South Sudan’s government has issued an advisory to humanitarian organizations not to publish independent statements on the food and nutrition situation in the country without “political endorsement” by the country’s presidency.
The Food Security Council, an office within the presidency, issued a statement dated 22 July claiming “sole authority for making official statements about the food security status of the country.”
As part of the presidency, which is in the hands of the SPLM-Juba faction, one of two main warring parties in the South Sudan conflict, the Food Security Council currently chairs the Technical Working Group of the Integrated Food Security Classification (IPC) process.

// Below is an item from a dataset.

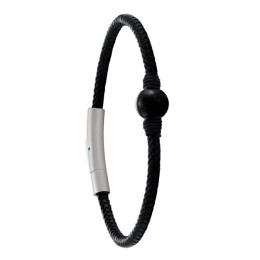Le Bracelet Homme Jourdan Bijou, Albann, Acier, cuir et Onyx, JH250008B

IPC is the main methodology by which a famine determination would or would not be made. The Working Group includes experts in food security, nutrition, livelihoods and humanitarian emergencies.
Aid agencies have been independently warning of the possibility of a famine in the country. They are now ‘requested’ not to “release or publish any independent or unilateral statements on the food and nutrition situation that are outside the technical process of the IPC and outside the political endorsement of the Republic of South Sudan Food Security Council.”
The statement, which was obtained by Radio Tamazuj and is published alongside this report at the link below, stresses: “We remind the Development Partners and the media that food security classification phases including famine (phase 5), are determined by internationally recognized indicators.”
The statement was signed by John Ogoto Kanisio, the secretary-general of the government food security office, which has its offices at the Office of the President Extension in the ministries complex in Juba.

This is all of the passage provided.